Comparé au 6,4 milliards F CFA qu’elle doit, l’on comprend la réticence des sociétés minières. Mais dans ce cas, même défalqué des 6,4 milliards F CFA dus, IAMGOLD ESSAKANE SA devra encore 4,6 milliards F CFA au fonds. C’est en ce sens qu’il a été mis en place une commission ad hoc pour tout formaliser, informe le ministre Idani. Sur cet aspect, Jonas Hien martèle que le ministère s’est fait avoir puisqu’il n’était pas obligé d’accéder à cette requête.

Il suffisait de leur demander de respecter la loi, préconise-t-il.

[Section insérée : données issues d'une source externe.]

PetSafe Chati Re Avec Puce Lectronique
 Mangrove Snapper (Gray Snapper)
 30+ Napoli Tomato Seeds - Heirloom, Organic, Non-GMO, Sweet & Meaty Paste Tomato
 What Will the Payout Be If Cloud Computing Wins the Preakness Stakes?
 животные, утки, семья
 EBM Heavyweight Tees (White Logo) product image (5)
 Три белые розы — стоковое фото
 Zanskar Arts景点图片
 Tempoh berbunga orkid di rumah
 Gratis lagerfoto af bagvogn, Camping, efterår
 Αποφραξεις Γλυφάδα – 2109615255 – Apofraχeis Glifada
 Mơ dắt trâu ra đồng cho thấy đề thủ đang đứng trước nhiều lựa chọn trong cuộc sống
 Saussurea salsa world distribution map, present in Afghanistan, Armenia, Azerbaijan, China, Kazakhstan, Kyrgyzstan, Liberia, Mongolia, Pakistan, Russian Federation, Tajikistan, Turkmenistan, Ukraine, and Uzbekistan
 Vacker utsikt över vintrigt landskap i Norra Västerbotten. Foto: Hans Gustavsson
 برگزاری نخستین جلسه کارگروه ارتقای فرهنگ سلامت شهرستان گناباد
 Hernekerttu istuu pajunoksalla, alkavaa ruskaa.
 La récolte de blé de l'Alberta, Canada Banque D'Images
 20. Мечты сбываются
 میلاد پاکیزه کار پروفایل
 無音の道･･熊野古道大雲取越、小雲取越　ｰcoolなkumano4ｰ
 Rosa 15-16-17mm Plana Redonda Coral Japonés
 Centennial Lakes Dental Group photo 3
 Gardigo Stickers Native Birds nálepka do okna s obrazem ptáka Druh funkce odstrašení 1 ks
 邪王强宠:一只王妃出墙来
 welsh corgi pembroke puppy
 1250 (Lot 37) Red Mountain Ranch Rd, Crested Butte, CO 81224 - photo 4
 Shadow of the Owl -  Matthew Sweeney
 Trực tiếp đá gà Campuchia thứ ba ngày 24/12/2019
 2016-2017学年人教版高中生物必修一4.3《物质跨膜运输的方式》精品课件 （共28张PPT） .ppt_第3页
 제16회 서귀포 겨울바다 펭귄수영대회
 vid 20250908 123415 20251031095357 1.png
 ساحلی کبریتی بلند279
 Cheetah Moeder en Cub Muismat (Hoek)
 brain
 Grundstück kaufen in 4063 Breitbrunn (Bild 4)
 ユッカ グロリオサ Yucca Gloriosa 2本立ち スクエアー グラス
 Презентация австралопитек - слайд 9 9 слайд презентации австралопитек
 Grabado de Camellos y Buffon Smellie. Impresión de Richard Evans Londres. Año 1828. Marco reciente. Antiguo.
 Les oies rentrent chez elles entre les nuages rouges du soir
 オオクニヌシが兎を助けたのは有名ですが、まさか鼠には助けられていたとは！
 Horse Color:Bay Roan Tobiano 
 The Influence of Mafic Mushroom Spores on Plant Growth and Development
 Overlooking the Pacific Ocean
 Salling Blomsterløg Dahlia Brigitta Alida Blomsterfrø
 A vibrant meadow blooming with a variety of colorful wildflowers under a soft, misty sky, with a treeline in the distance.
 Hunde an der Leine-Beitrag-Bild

Qu’à cela ne tienne, si le ministre dit que la commission a travaillé sur une convention séparée type que les anciennes compagnies minières devront signer, il explique que cette convention leur permettra de faire le point des investissements réalisés et validés par les collectivités territoriales.

Qui entrave l’opérationnalisation du FMDL ?

Dans sa déclaration liminaire, le ministre Idani a annoncé que le dispositif de gestion du fonds est opérationnel aussi bien au niveau national que local. «Dans les jours à venir, il sera procédé, conformément à la réglementation, à une répartition du fonds et au versement des montants dus aux communes déjà invitées à disposer de comptes spéciaux FMDL», avance-t-il. En réalité, le ministre a adressé une correspondance en date du 23 avril 2019 au président de l’AMBF, lui demandant d’inviter les communes abritant des sites industriels de mines et des carrières à se rapprocher des services du Trésor public pour l’ouverture de comptes.

Mais, l’on se demande pourquoi le ministre des Mines a attendu la sortie médiatique du Réseau des communes minières avant de les inviter à créer des comptes bancaires et faire part des paiements des mines qui datent de 2018 ? Aux dernières nouvelles, la correspondance du ministre des Mines et des Carrières est arrivée aux communes le 8 mai 2019. Pourtant, le décret d’application portant organisation, fonctionnement et modalités de perception du FMDL a été signé depuis le 23 janvier 2017. Par conséquent, l’on est en droit de se poser la question de savoir ce qui entrave vraiment l’opérationnalisation du FMDL.